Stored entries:

Start of Block

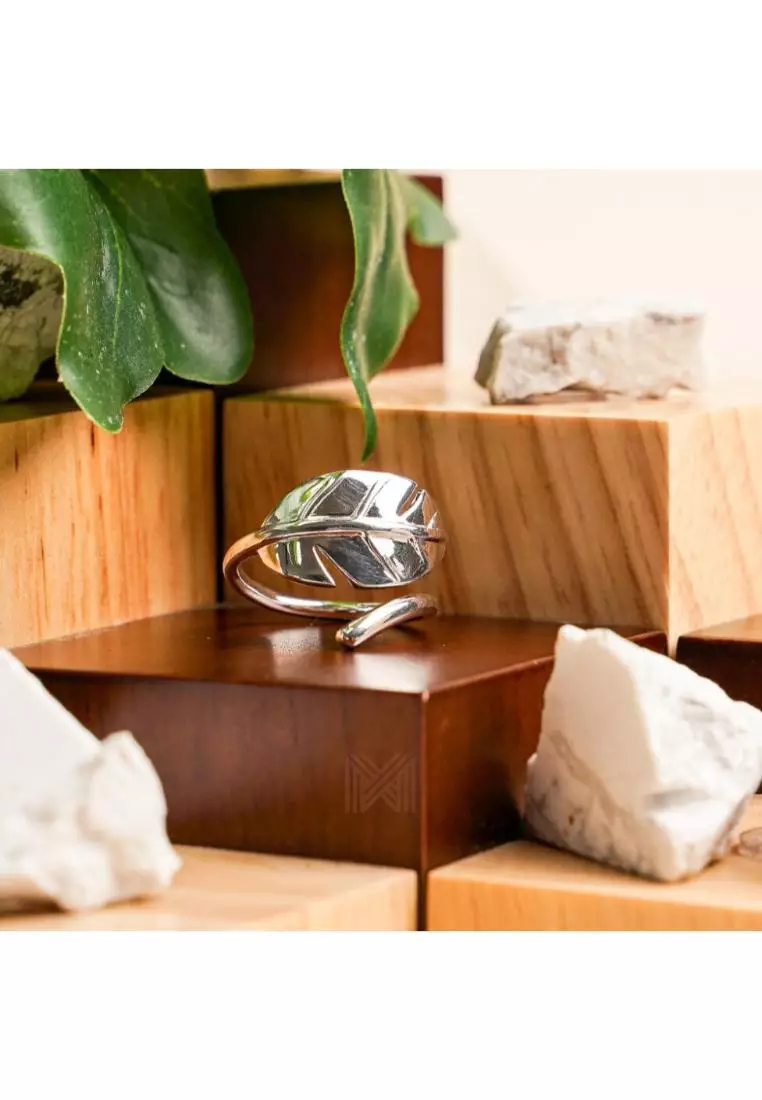 Millennia 2000 Mockup Leaf Curly Silver Adjustable Ring with 925 Sterling Silver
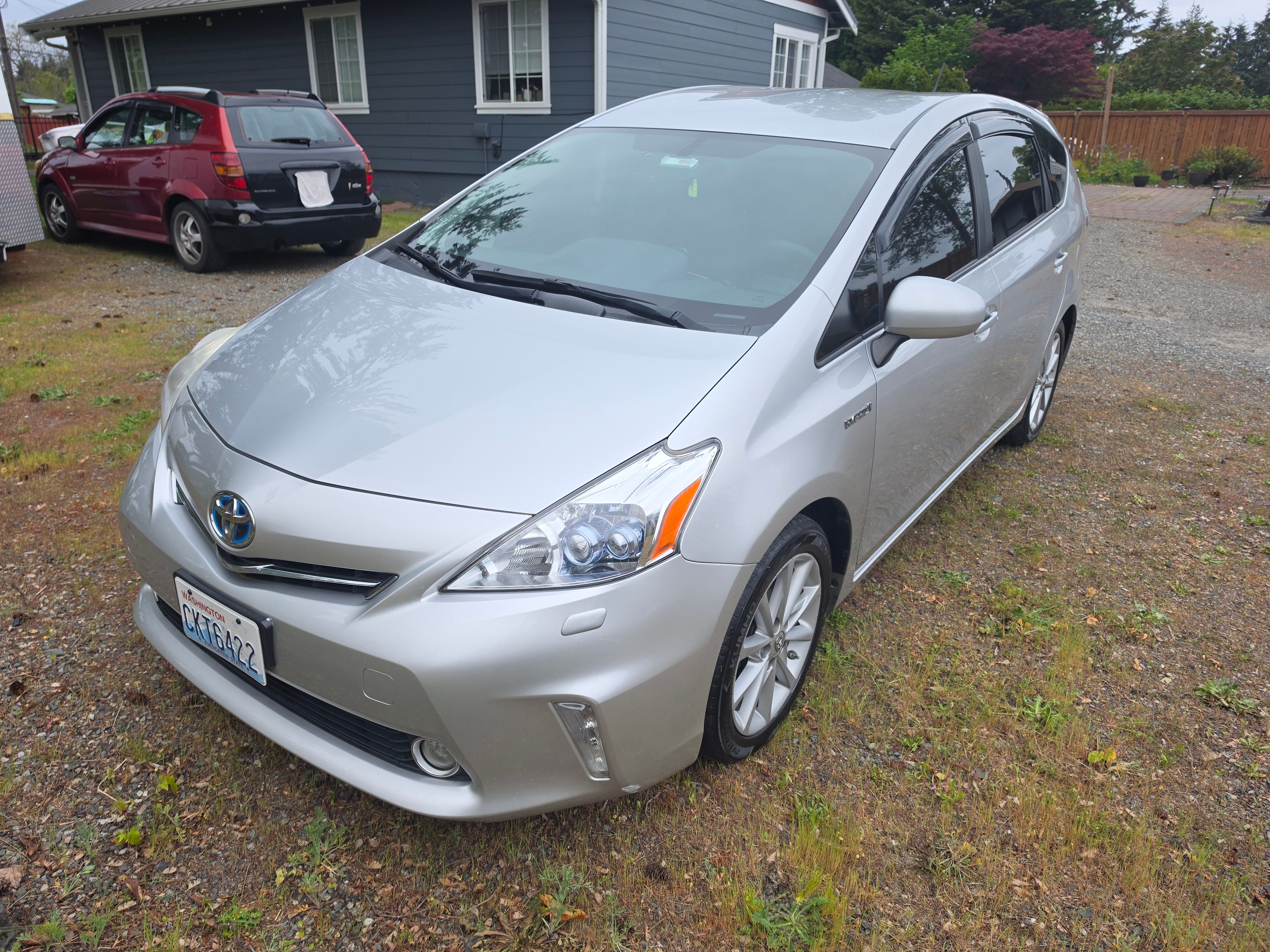 Used 2012 Toyota Prius V Five FWD image 5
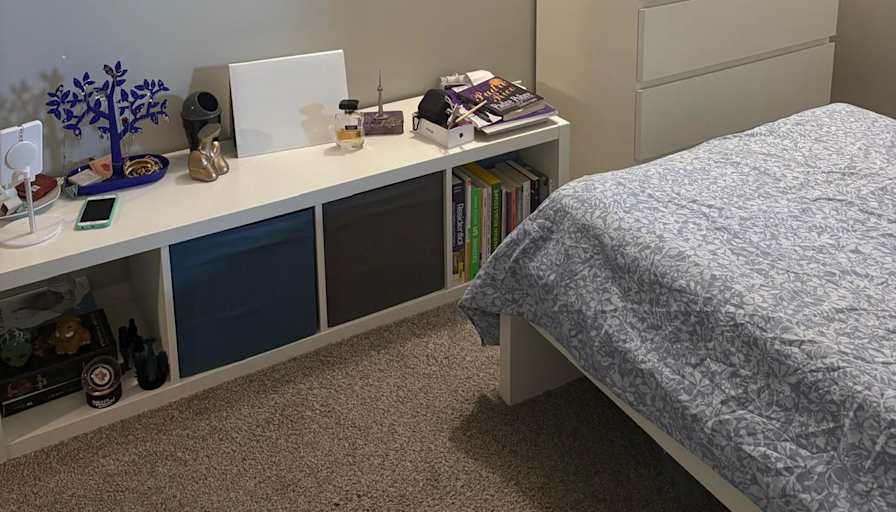 Saron's room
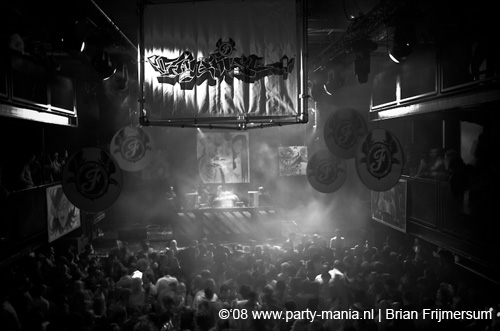 081220_088_franchise_partymania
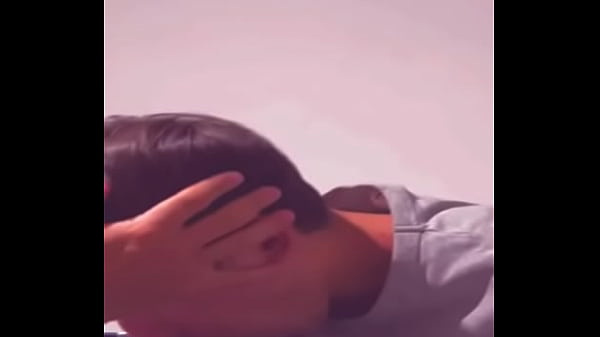 Bailarin de ballet me pone a mamar su polla depsues de unos tragos en el bar 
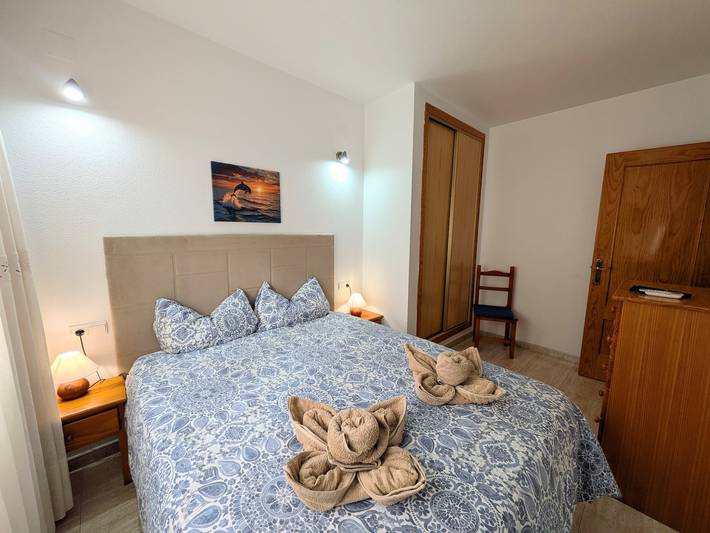 Geheel appartement, Appartement 'Mooi Appartement met Gedeeld Zwembad' met gedeeld zwembad, wifi en airco in Torrevieja Centre, Torrevieja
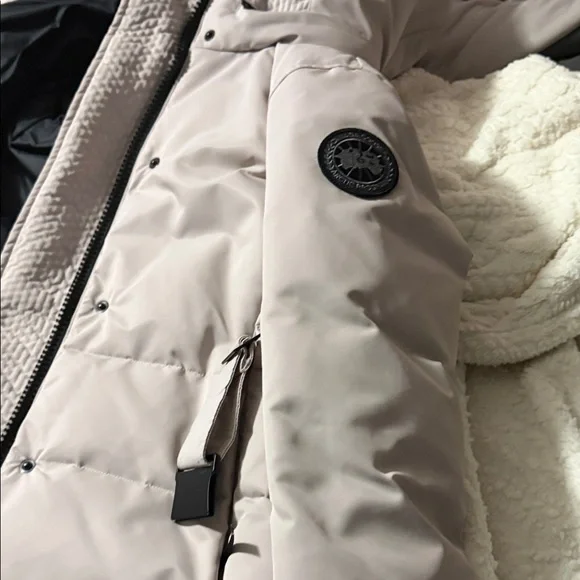 Canada Goose Black and White Jacket worn once. - Picture 5 of 6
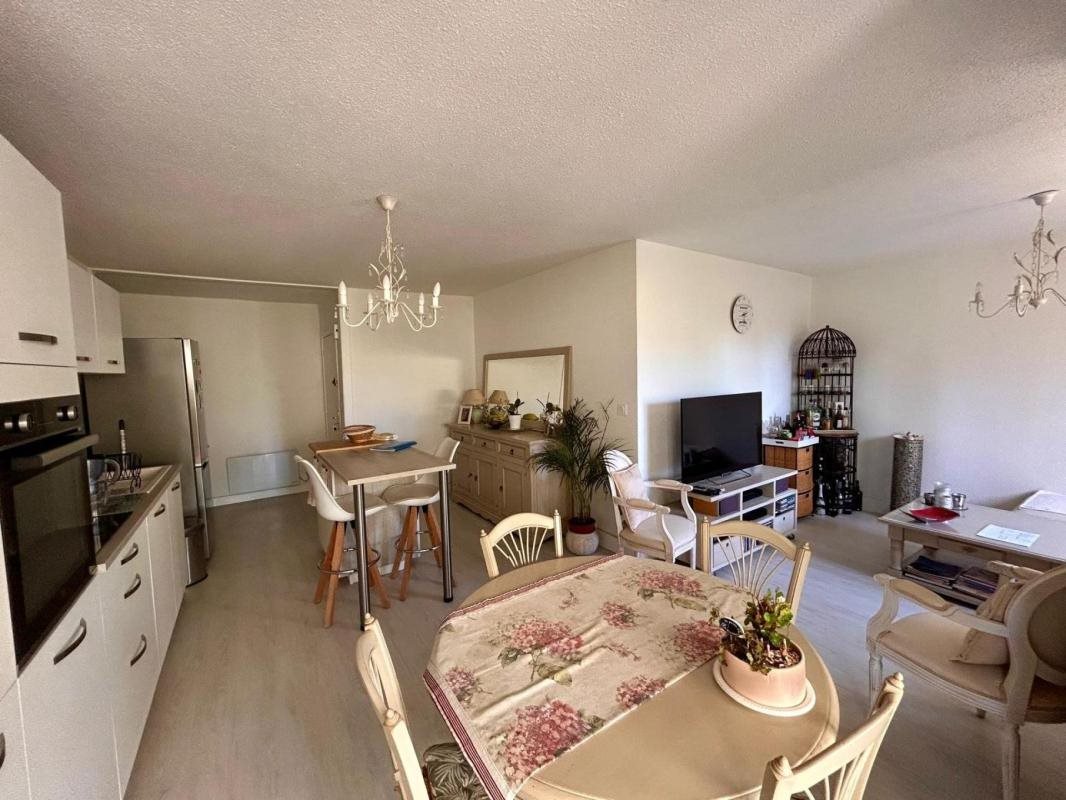 Appartement à vendre, 76m², Fréjus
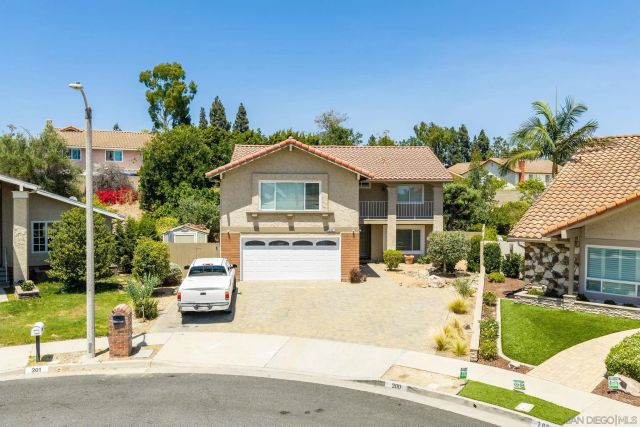 200 San Miguel Circle, Placentia, CA 92870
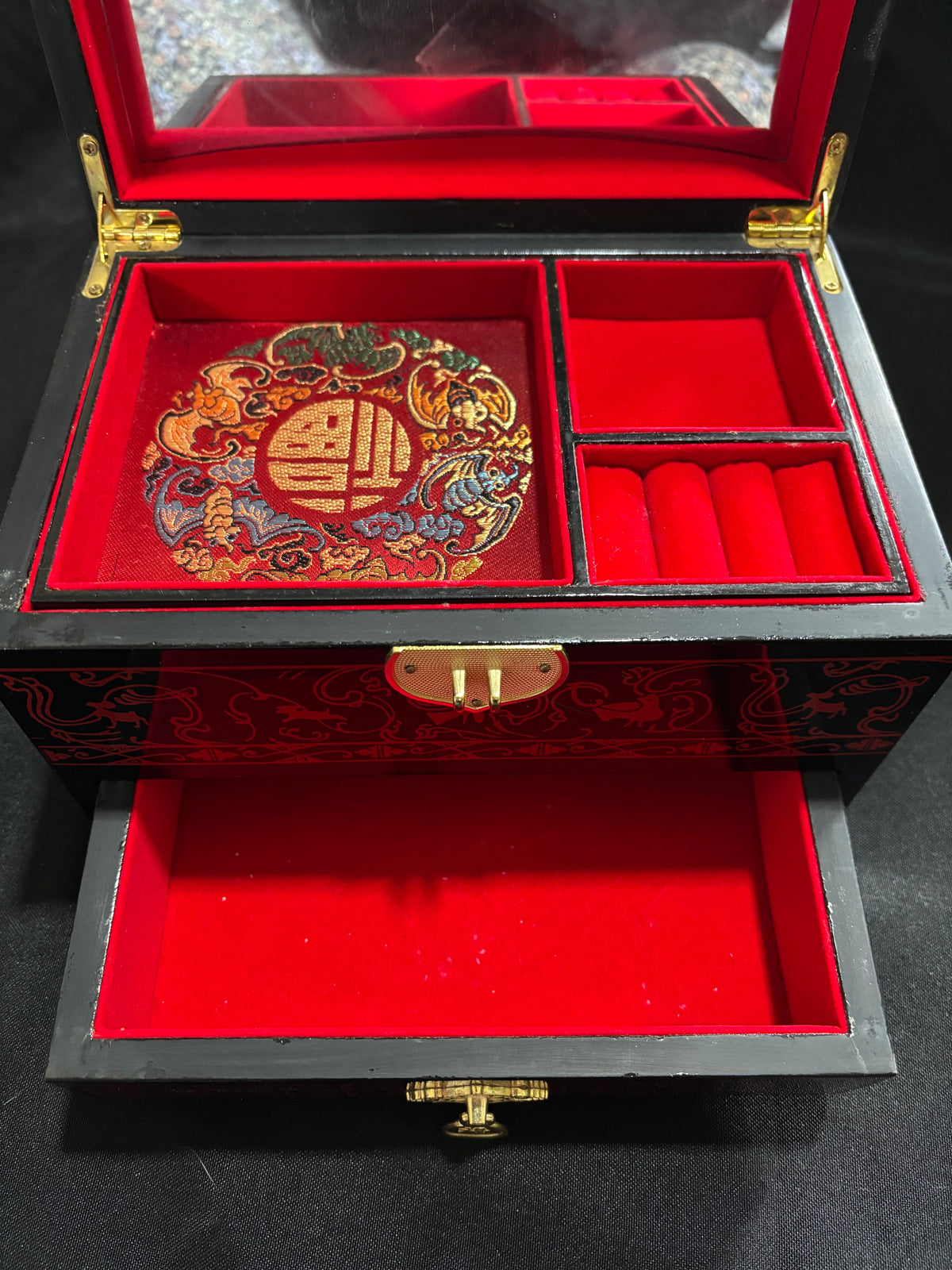 Vintage 1998 Chinese Black & Red Lacquer Jewellery Box – Hong Kong
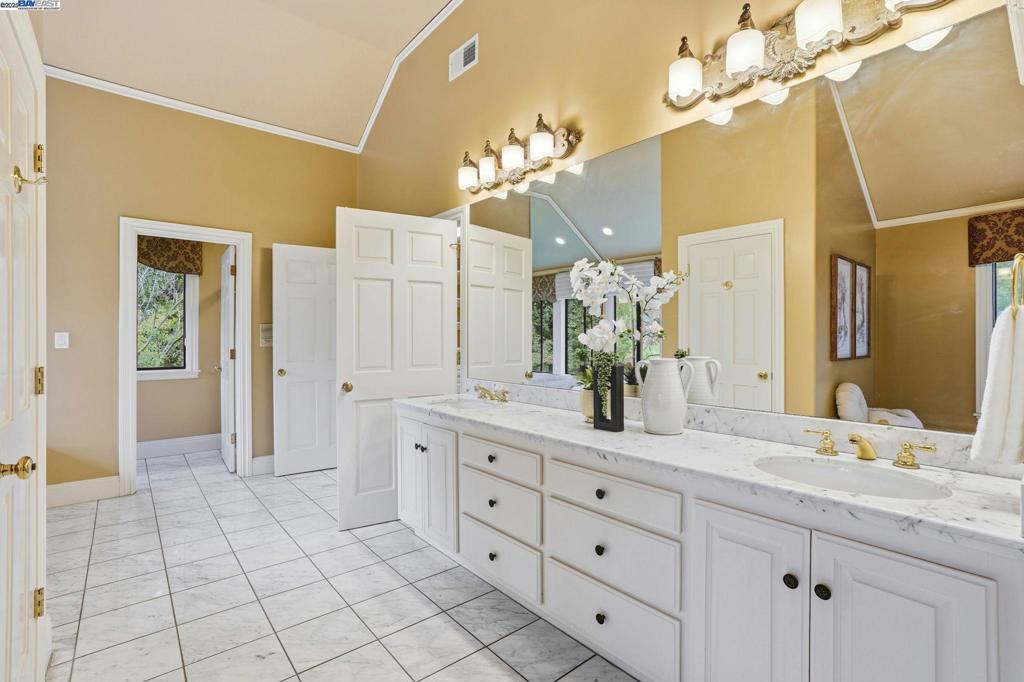 BLACKHAWK C. C. - Residential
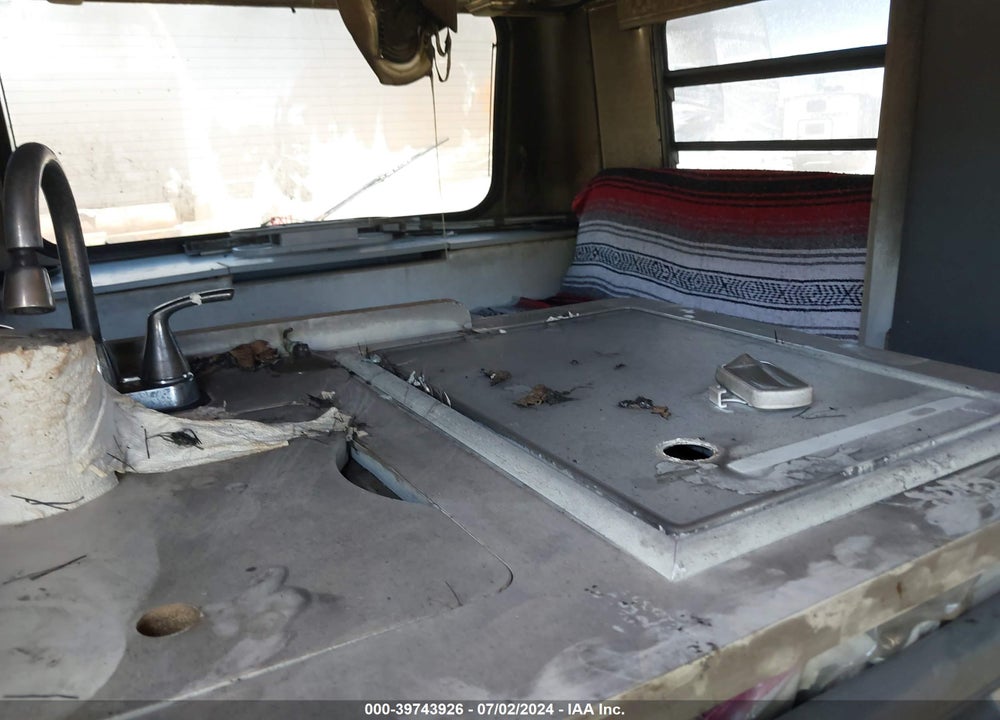 2000 WINNEBAGO EUROVAN/VOLKS MTR HOME VIN: WV3AH4703YH110920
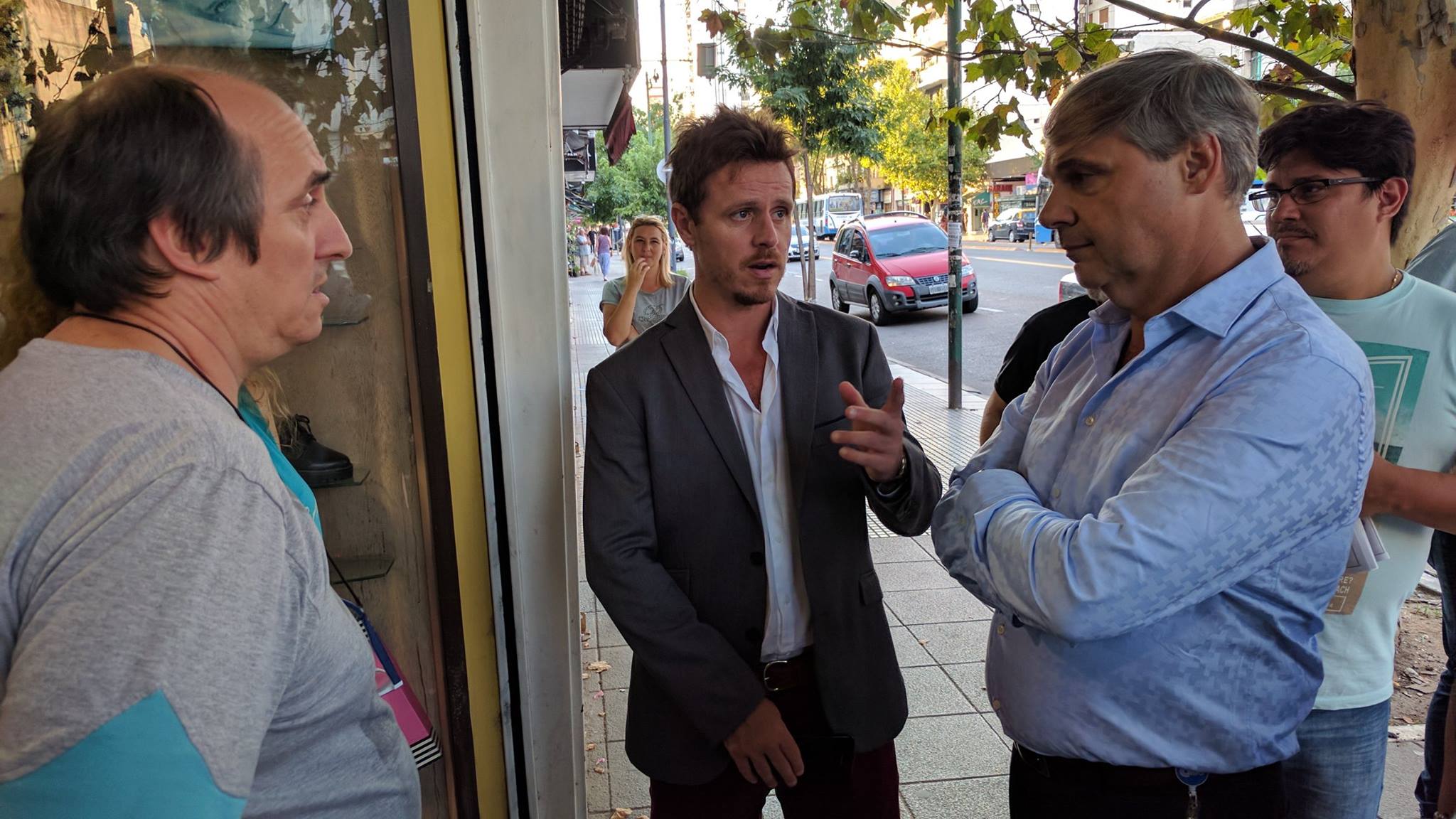 Visita a comerciantes de Av. San Martín y Adyacencias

End of Block

* What to do
Transcribe all lines above exactly, skipping pictures.

* Written solution
 Millennia 2000 Mockup Leaf Curly Silver Adjustable Ring with 925 Sterling Silver
 Used 2012 Toyota Prius V Five FWD image 5
 Saron's room
 081220_088_franchise_partymania
 Bailarin de ballet me pone a mamar su polla depsues de unos tragos en el bar 
 Geheel appartement, Appartement 'Mooi Appartement met Gedeeld Zwembad' met gedeeld zwembad, wifi en airco in Torrevieja Centre, Torrevieja
 Canada Goose Black and White Jacket worn once. - Picture 5 of 6
 Appartement à vendre, 76m², Fréjus
 200 San Miguel Circle, Placentia, CA 92870
 Vintage 1998 Chinese Black & Red Lacquer Jewellery Box – Hong Kong
 BLACKHAWK C. C. - Residential
 2000 WINNEBAGO EUROVAN/VOLKS MTR HOME VIN: WV3AH4703YH110920
 Visita a comerciantes de Av. San Martín y Adyacencias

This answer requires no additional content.